DATASET SECTION:

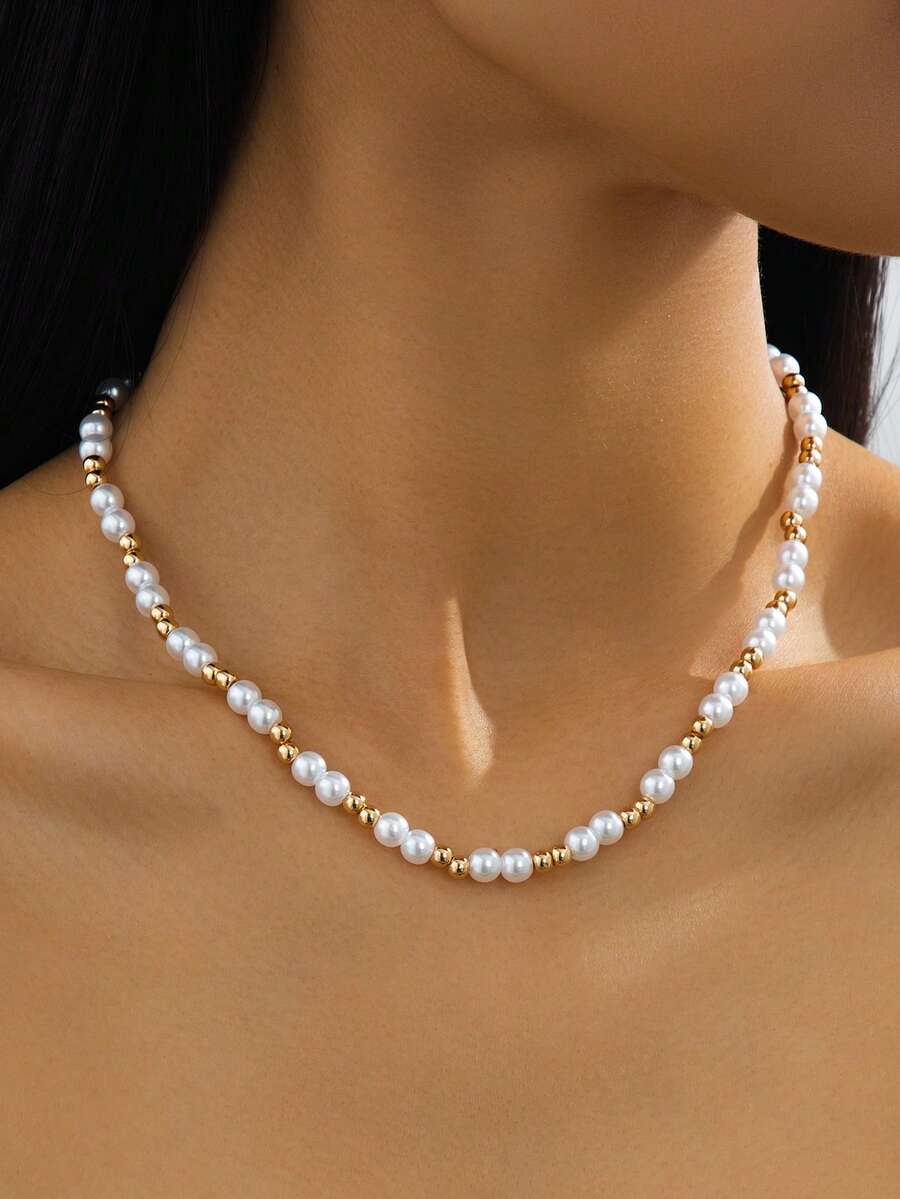 1 chiếc vòng cổ đính hạt màu trắng và vàng, kiểu dáng thanh lịch, tối giản, đa năng, phù hợp cho mùa hè đi biển, dành cho nữ. - trắng - Xem 1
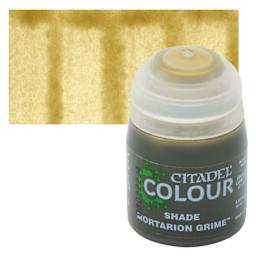 Citadel Shade Acrylic Paint - Mortarion Grime, 18 ml, bottle and swatch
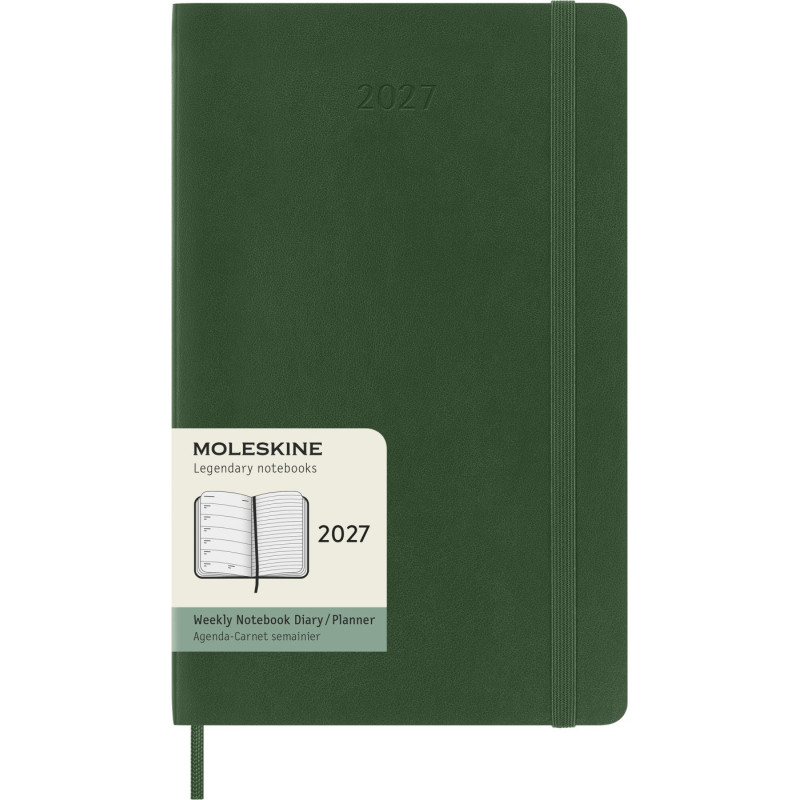 Kalendarz tygodniowy MOLESKINE 2027, 12M, L, 13x21cm, miękka oprawa, myrtle green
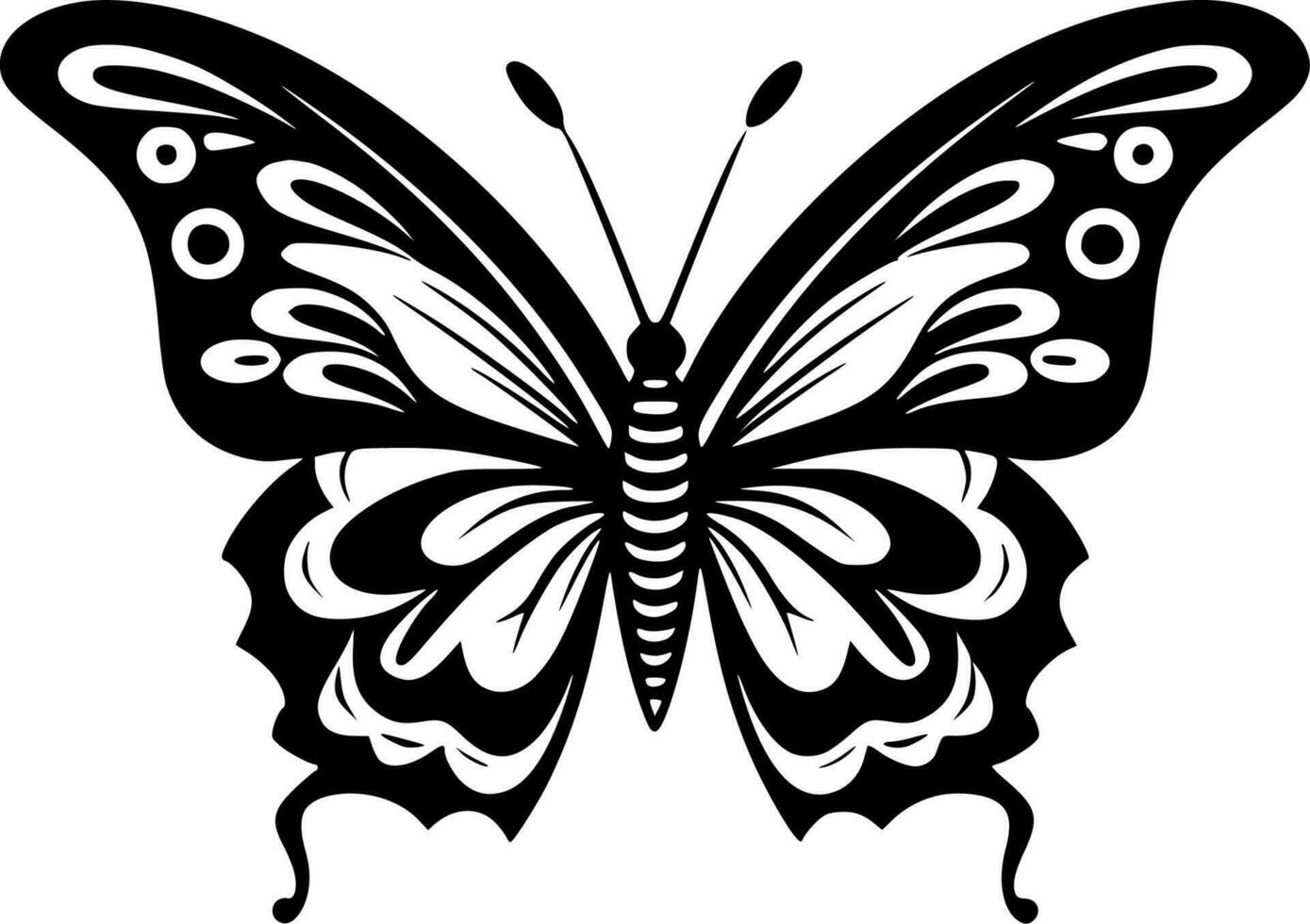 Schmetterling - - schwarz und Weiß isoliert Symbol - - Vektor Illustration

PROBLEM TO SOLVE:
Without the pictures, write out the listing exactly as it appears above.

RESPONSE:
 1 chiếc vòng cổ đính hạt màu trắng và vàng, kiểu dáng thanh lịch, tối giản, đa năng, phù hợp cho mùa hè đi biển, dành cho nữ. - trắng - Xem 1
 Citadel Shade Acrylic Paint - Mortarion Grime, 18 ml, bottle and swatch
 Kalendarz tygodniowy MOLESKINE 2027, 12M, L, 13x21cm, miękka oprawa, myrtle green
 Schmetterling - - schwarz und Weiß isoliert Symbol - - Vektor Illustration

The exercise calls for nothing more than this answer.